I created a nested hash with some sample data, and wrote it out to see how Config::General would deal with it. Then I'll use that as an exemplar to change the configuration.

I wrote:

my $conf = new Config::General( -ConfigHash => \%Data, -UTF8 => 1); $conf->save_file ("output.conf");
Now I know my script is saved as UTF-8, because I can look in hex and see the bytes E2 80 B2 in the file where one character is. But my resulting output file contains C3 A2 C2 80 C2 B2 instead!

It encoded the individual characters E2, 80, and B2 as UTF8. But, I thought Perl 5.10 treated the source code as UTF8 naturally? Reading the docs, use encoding 'utf8' just changes the way concatenated mixed strings are upgraded or downgraded, for compatibility with length checking methods.

But adding that pragma indeed fixes the problem, and U+2032 doesn't fit in an 8-bit character, so either Config::General is doing something funny when manipulating the strings to lose the clumping, or the Perl string literal is not in UTF-8 by default?

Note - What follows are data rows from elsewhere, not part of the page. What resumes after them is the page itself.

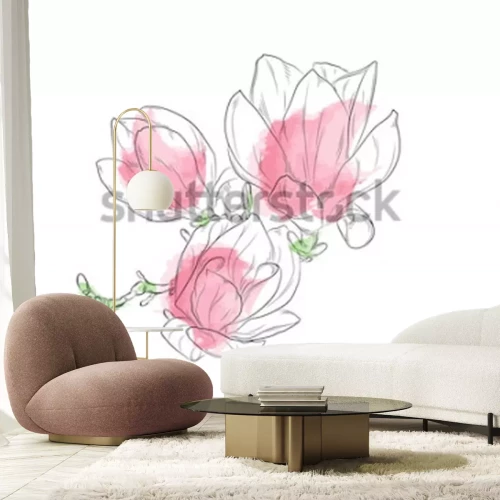 Sticker Magnolie in Rosa gestrichen
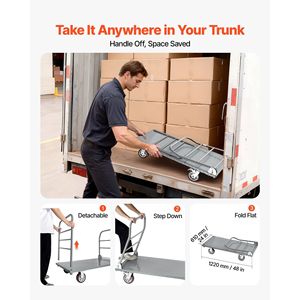 Heavy Duty 2650 Lbs Capacity Platform Truck 2650 Lbs Capacity Flatbed Cart Dolly Detachable <b>Material</b> <b>Handling</b> Equipment - Product Image 5
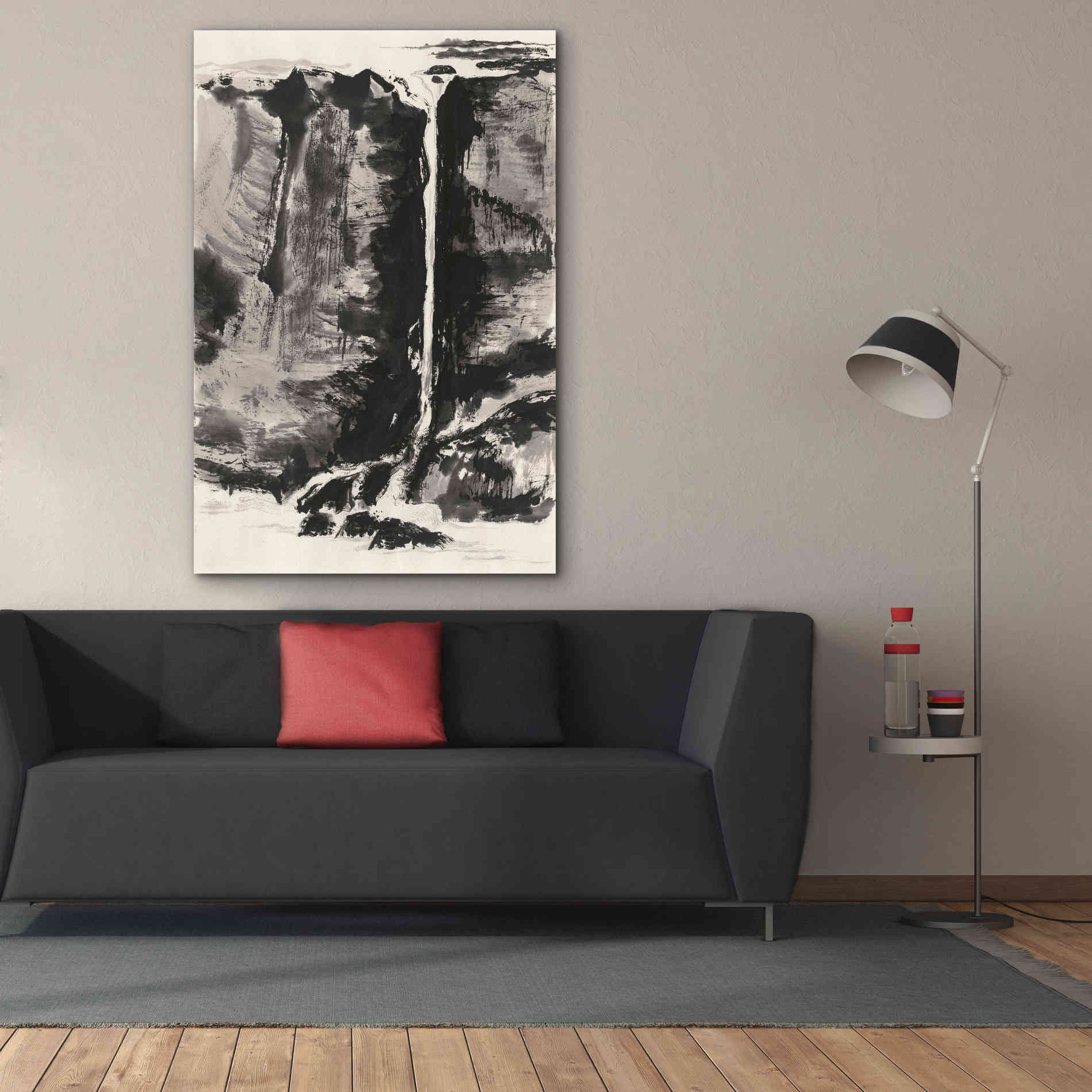 'Sumi Waterfall View III' by Chris Paschke, Canvas Wall Art,40 x 60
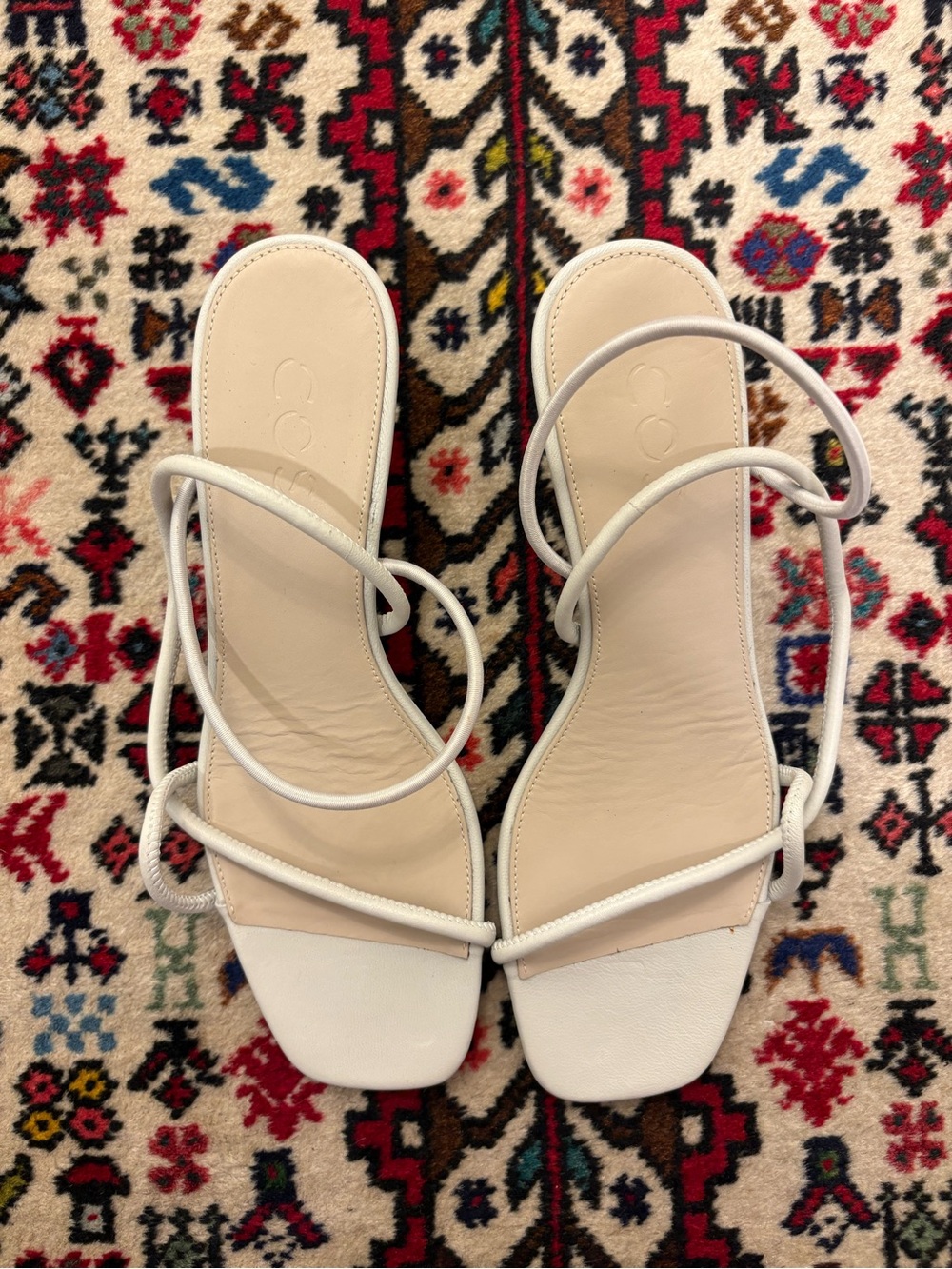 COS Cream Strappy Square-Toe Sandals - Women's
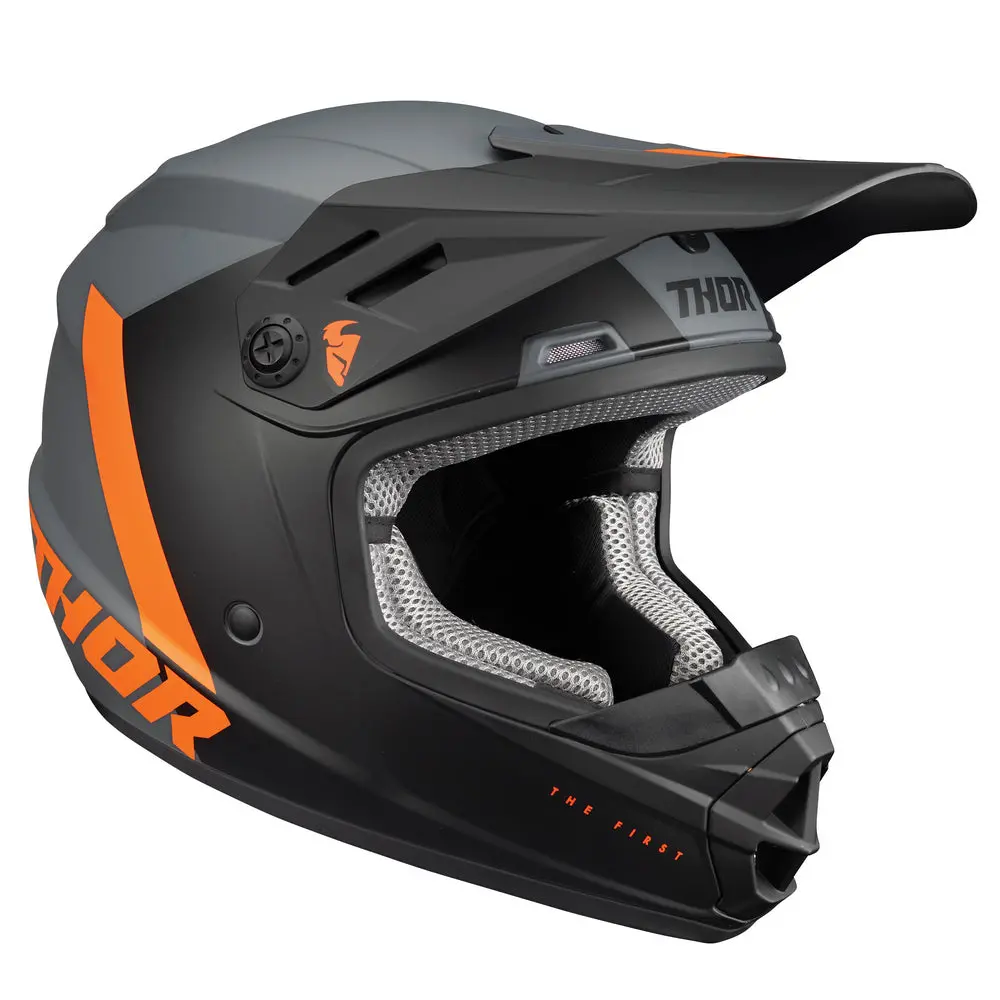 Thor Mx Sector Youth Helmet Chev Charc Orange 1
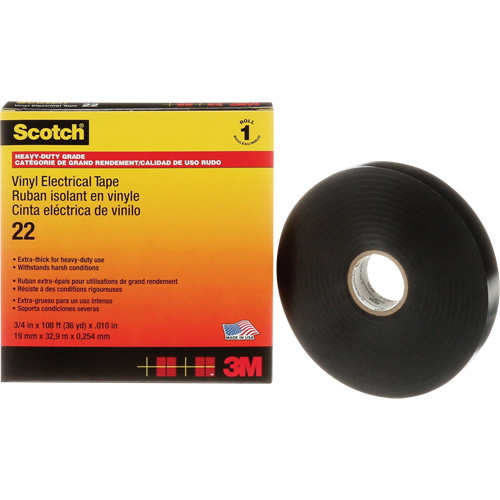 Ruban isolant en vinyle Scotch, 19 mm (3/4") x 33 m (108'), Noir, 10 mils Absolute Business Supply
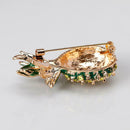 Elegant Pineapple Pins Brooch Rhinestone Badges Jacket Jewelry Ornaments A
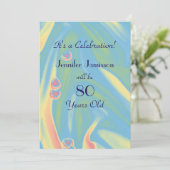 80歳パステルブルーバースデーパーティー招待状 招待状 (スタンド正面)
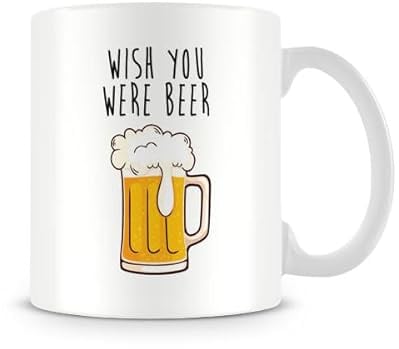 Behind The Glass - Wish You were Beer - Funny Pun Mug, Ceramic, 11fl.oz.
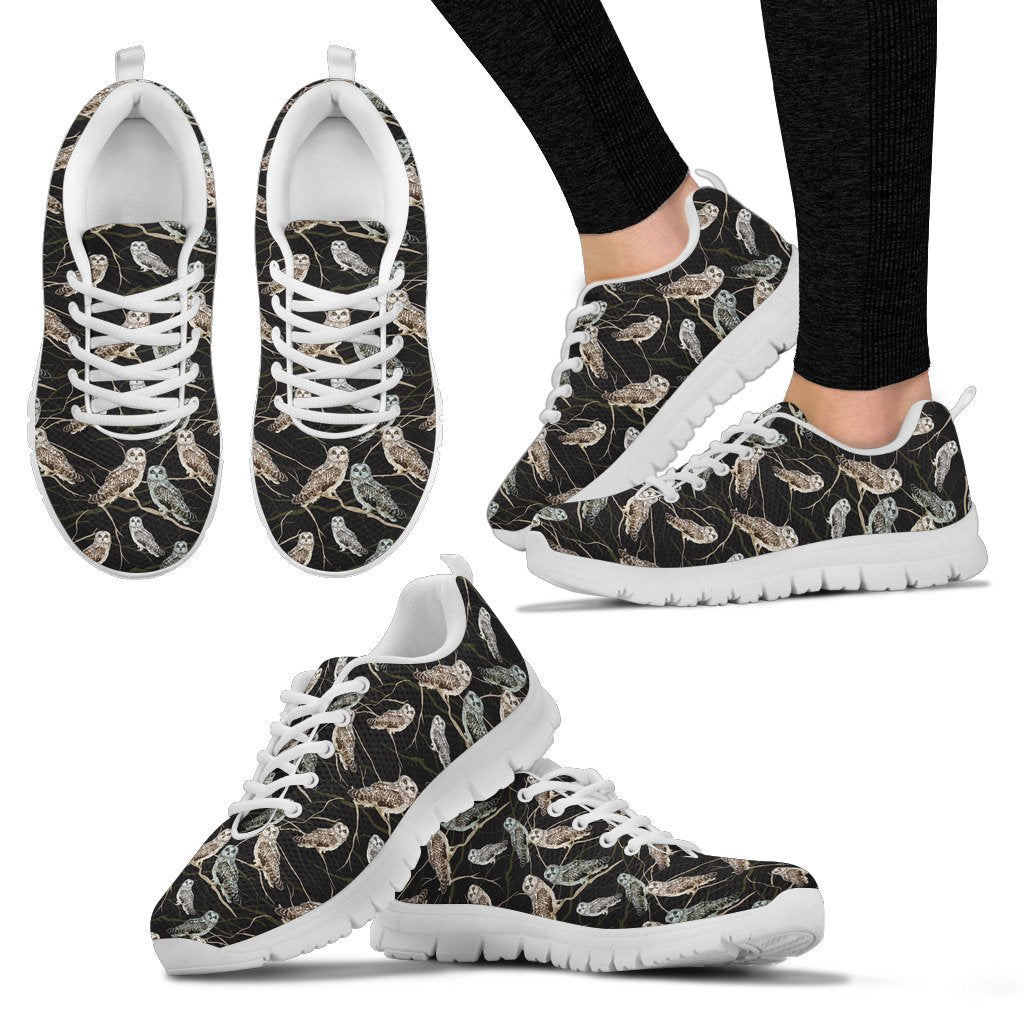 Owl Branch Themed Design Print Women Sneakers Shoes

Can someone shed light on this?

Replies are listed 'Best First'.
Re: UTF-8 Issue, or Config::General Bug, or what?
by moritz (Cardinal) on Mar 22, 2011 at 08:59 UTC
    But, I thought Perl 5.10 treated the source code as UTF8 naturally

    It does not. That's what the utf8 pragma is for: telling Perl that the source file is in UTF-8.

    And please use that instead of the encoding pragma, which suffers from several problems (see CAVEATS and KNOWN PROBLEMS section) that are better avoided.